Ptolemy’s influence was enormous. But just as anything ever made by men, his view was completely determined by the political system of the time:
As one would expect, Ptolemy had a skewed vision of the world. But while the distortion of Africa and India are extreme, and the Mediterranean is too vast, the placement of cities and countries within the Greco-Roman empire is far more accurate. Ptolemy offered his readers two possible cylindrical projections —the attempt to project the information from a three-dimensional sphere onto a two-dimensional plane — one ‘inferior and easier’ and one ‘superior and more troublesome.’
One of the most interesting qualities of the Greek thinker was that, beyond the politicization of his mapamundi he took advantage of the situation by imagining and speculating about the places and countries which had not yet been discovered –– a deed that would influence the navigational routes of future adventurers and travellers.

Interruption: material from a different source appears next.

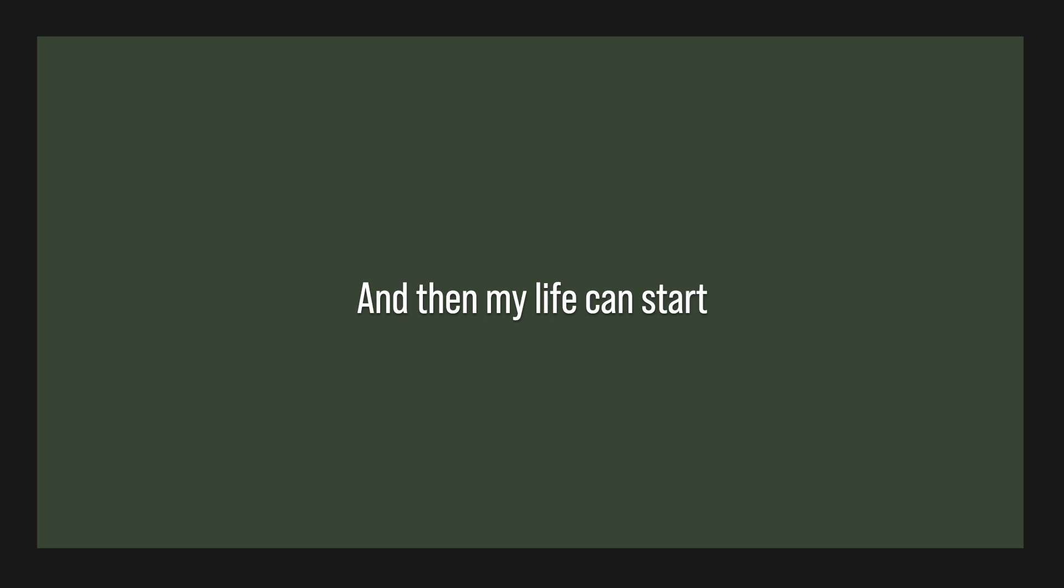Mend my broken heart. Then my life can't stop.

Where earlier cartographers were willing to leave blanks on the map where their knowledge failed, Ptolemy could not resist filling such empty spaces with theoretical conceptions. … [T]his had the uncanny ability to send ambitious sailors, Columbus among them, to places they had no intention of seeing.
But instead of the proliferation of mapamundis one would expect after such wonderful work, the world descended for a 1000 years into what Garfield calls the ‘dark ages of cartography’. It was only until the rediscovery of the Ptolomy’s Atlas in its Latin translation in Venice (1950) that a modern appreciation of cartography was born, and alongside it our obsession with maps.
Garfield goes as far as to suggest (in accordance with Dawkins) that the elaboration of maps is a dividing line between monkeys and humans; a missing link of sorts. “Could it have been that drawing maps was what threw our ancestors beyond the critical portal that monkeys were not able to change?”, inquires Dawkins.
After the fascinating exploration of our global visualisation of the world, Garfield explores the ‘torrid romance’ that modernity engages with maps, highlighting the manner in which humankind has come to carry maps of the world to draw imaginary lines and divisions containing a large amount of the sense of life. ––A truly captivating concept, worthwhile of our time and attention.